Since moving back to shooting film in 2003, I have regular thoughts of switching to all-digital again. It’s just easier. I have rooms full of “stuff” in support of film photography, and things would become so much faster and easier without all of that. A nice digital camera, a good RAW editor, an inkjet printer, and some hard drives, and I’m all set.
And yet, I still enjoy shooting film and have found it impossible to quit. I like how film looks, I enjoy working in the darkroom, and I love my Leica rangefinder cameras. Having binders full of negatives sitting on my shelves is a comfort to me. They’re real, you know? I prefer real things.
In a completely different arena, I would like to stop using Emacs for everything. The great benefit of Emacs, that it can be anything and do everything, is for me also its greatest drawback. I can’t stop futzing with it. And I can’t stop trying to use it for freaking everything all the time. I just need to write stuff and keep track of some tasks. Why then do I use it to read email, RSS feeds, Mastodon, and whatever other things I can shoehorn into what should be a simple text editor?
So, I frequently fire up Obsidian, BBEdit, Logseq, Roam, iA Writer, TheBrain, Tinderbox, and oh right, none of these does the things Emacs and Org-mode can do quite as efficiently and with so much flexibility. After a few days away, I end up back in Emacs and farting around with capture templates or trying to decide between Denote and Org-roam.
The truth is that I’ll probably always shoot film and I’ll probably always use Emacs. I just wish that I could convince myself of this, then move on and actually do something creative or useful with them.
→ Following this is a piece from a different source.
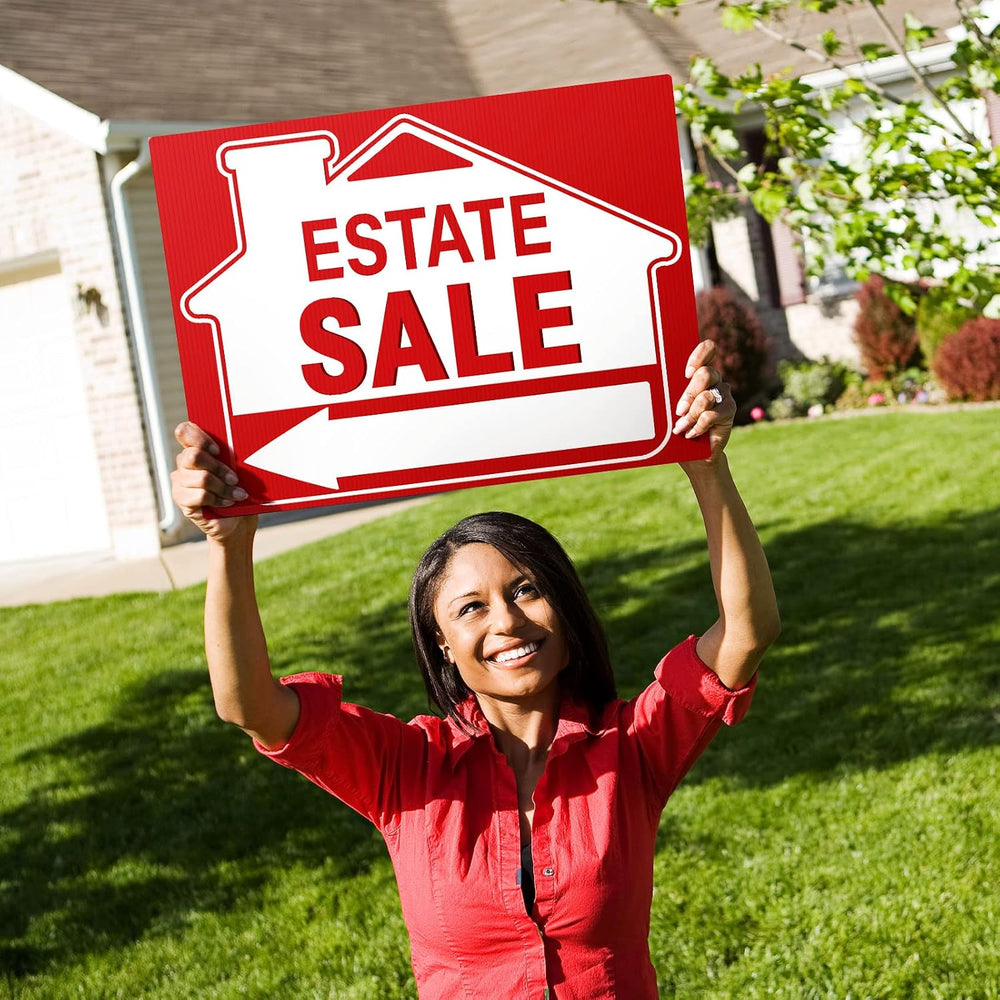 [10 Pack] Estate Sale Signs Set,17 x 13 Inch Estate Sale Yard Signs with Doub...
Perhaps the darkroom process is more similar to Emacs than you realize. In the darkroom you can dodge and burn-in areas of the print to tease out details that although digital can do this, it seems less engaging because the digital filter uses an algorithm you may not understand as well as directly manipulating the light. Likewise I find the same feeling of accomplishment when I can manipulate Emacs to tease out a solution I’m looking for and in the process I get better at it over time.
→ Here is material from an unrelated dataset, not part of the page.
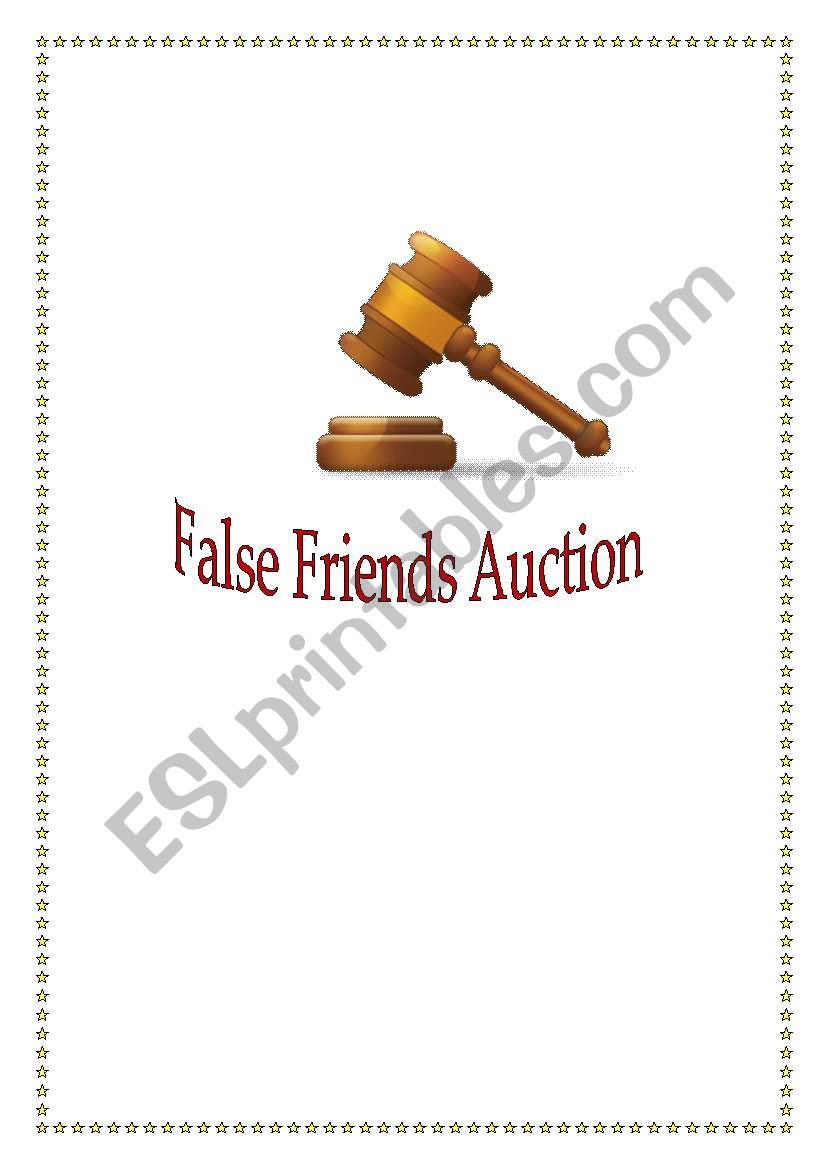 False Friends Auction worksheet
I had to give up the darkroom in the garage as I started woodworking more and those two hobbies clash as one generates lots of dust and dust just destroys the darkroom experience.
Your comparison is completely accurate! The difference for me is that I stopped worrying about perfecting my darkroom technique. For a while I would fret over every detail and it took the fun out of it. I mostly make simple work prints and those often end up “final”. I’m hoping I can do the same thing with Emacs 😁.